■ WORK TO COMPLETE ■
Once you find the line with "Chumbi Bush House *", output it and every line after it exactly, through the last line of the listing, but no pictures.

■ MATERIAL SHOWN ■
####
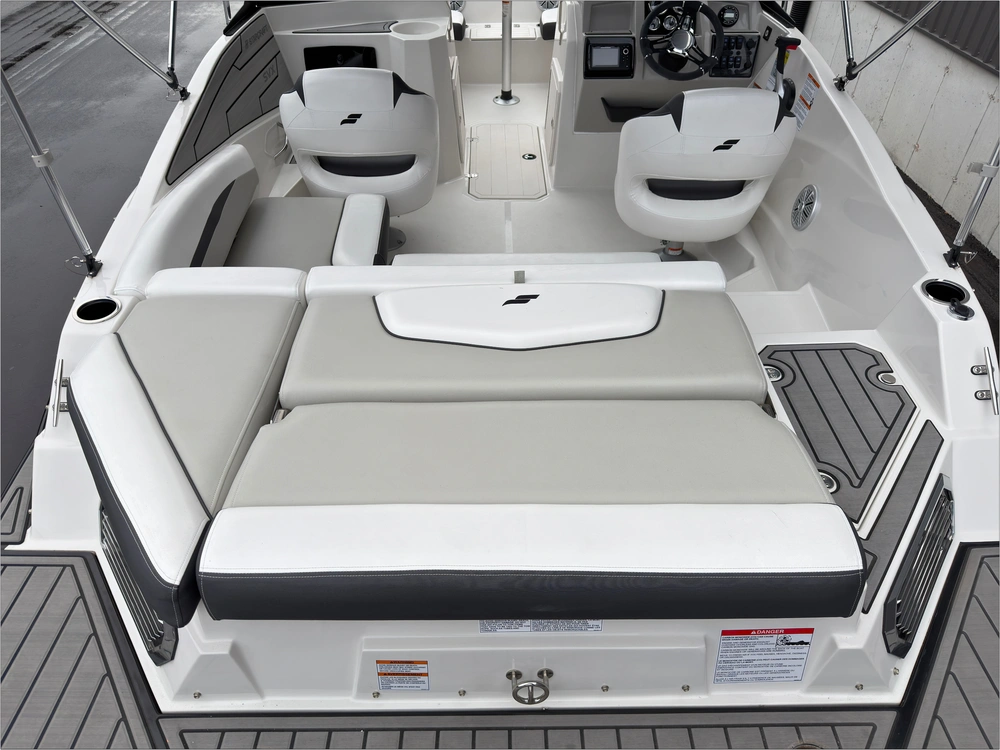 2023 Starcraft Svx Io 210 Clearance Priced alt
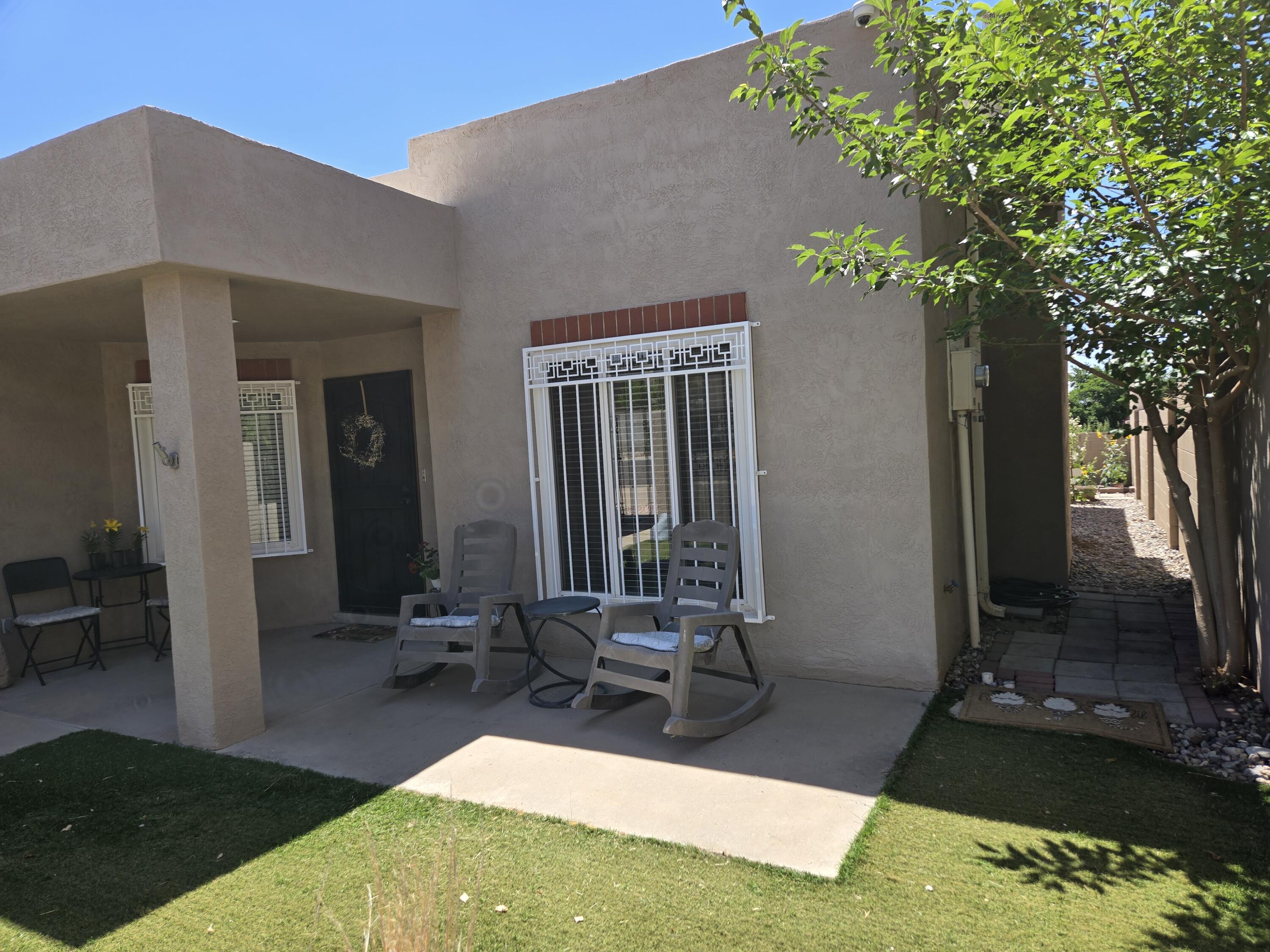 6605 Casa Loma NE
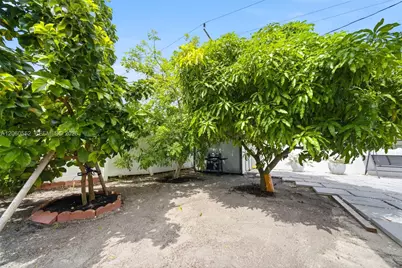 18120 NW 16th Ave, Miami Gardens, FL 33169 - Photo 36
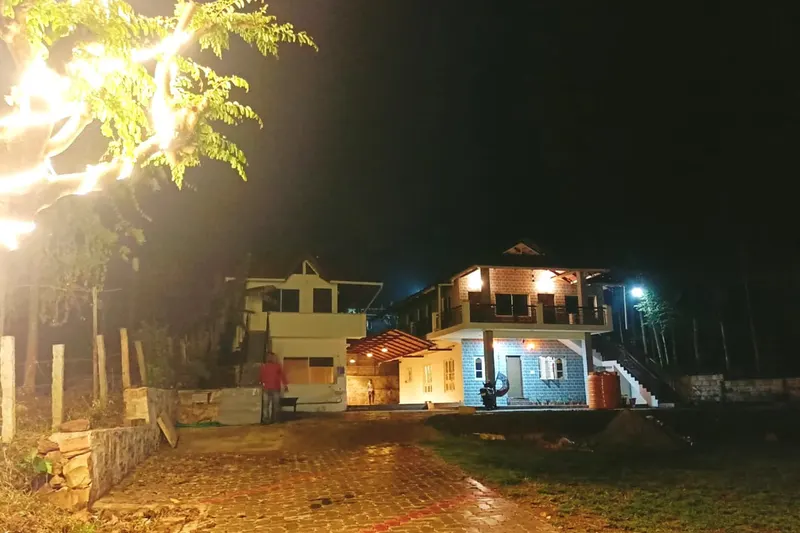 heaven-springs-homestay-advisor-chikmagalur-4_orig.jpeg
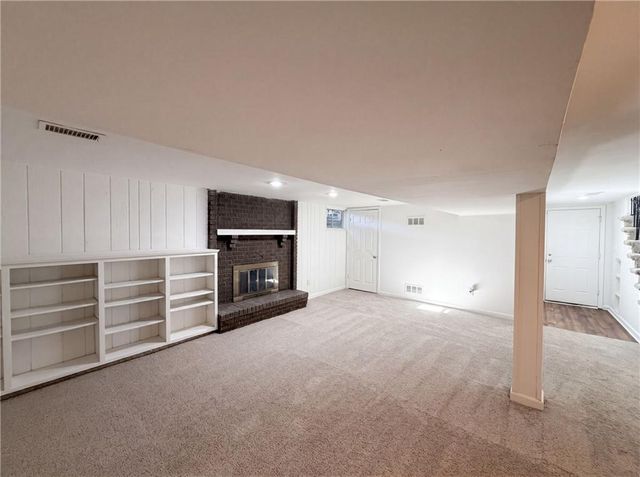 205 Ist Street Terrace, Blue Springs, MO 64014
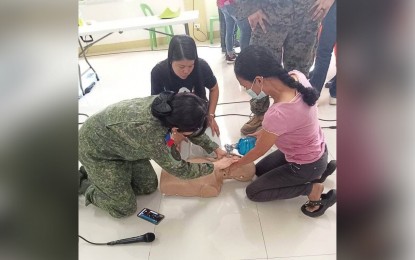 <p>BASIC LIFE SUPPORT. Barangay Health Workers (BHWs) in the Municipality of Sibalom undergo training on Basic Life Support (BLS) on April 16, 2023. Melanie Raymaro, Sibalom BHW Association president, said in an interview Thursday (April 20, 2023) that Balikatan's Cooperative Health Engagement had capacitated them to respond to emergencies. (PNA photo courtesy of Melanie Raymaro)</p>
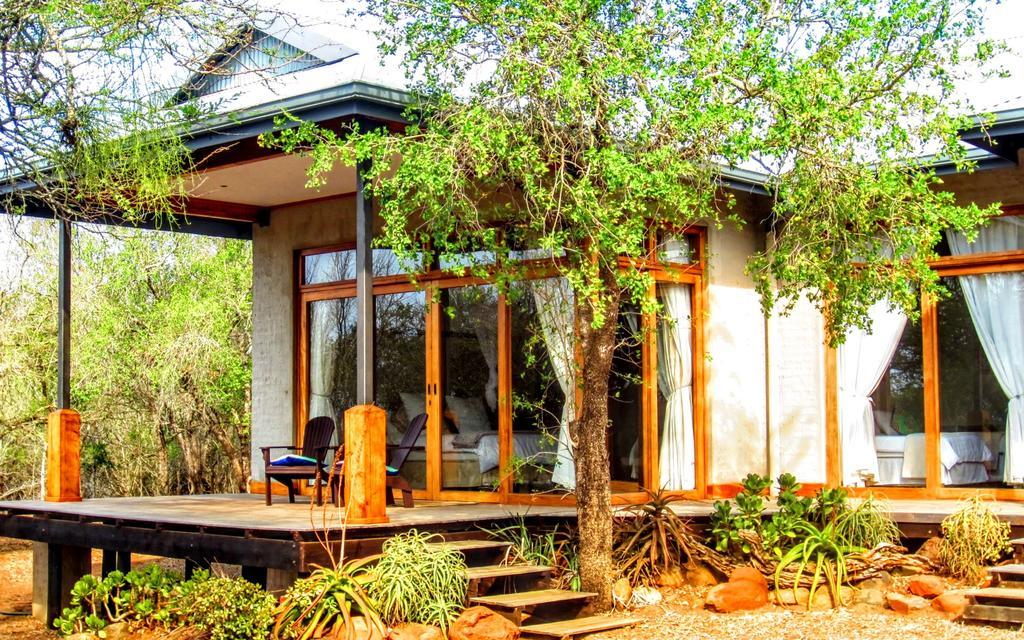 Chumbi Bush House *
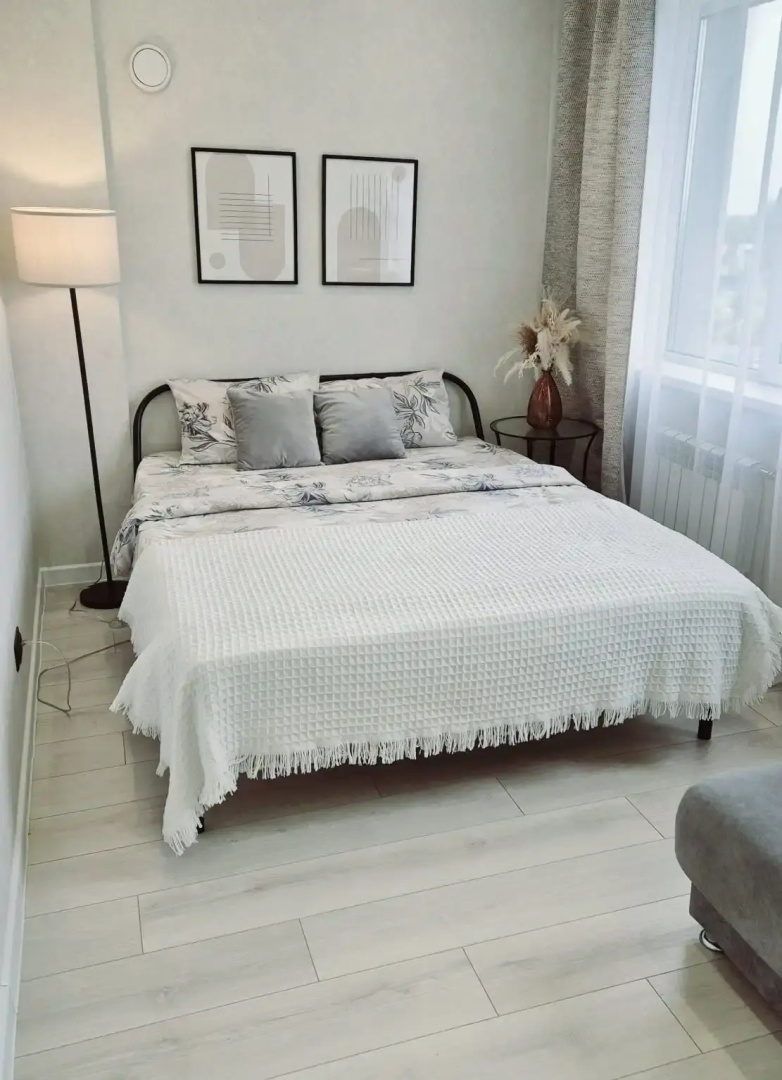 Апартаменты SleepNsk Красивая Трешка Около Аквапарка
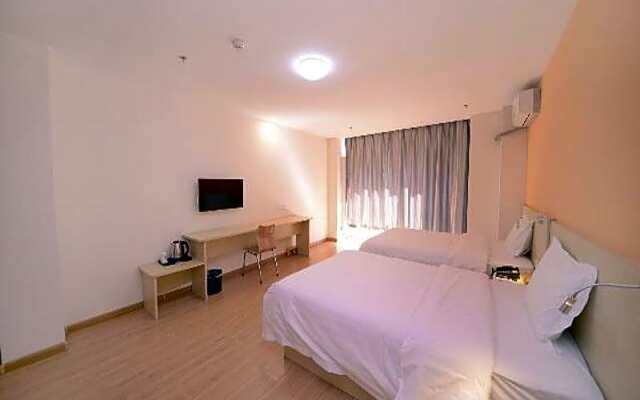7 Days Inn Harbin West Station Wanda Square Branch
####
■ TASK RESULT ■
 Chumbi Bush House *
 Апартаменты SleepNsk Красивая Трешка Около Аквапарка
7 Days Inn Harbin West Station Wanda Square Branch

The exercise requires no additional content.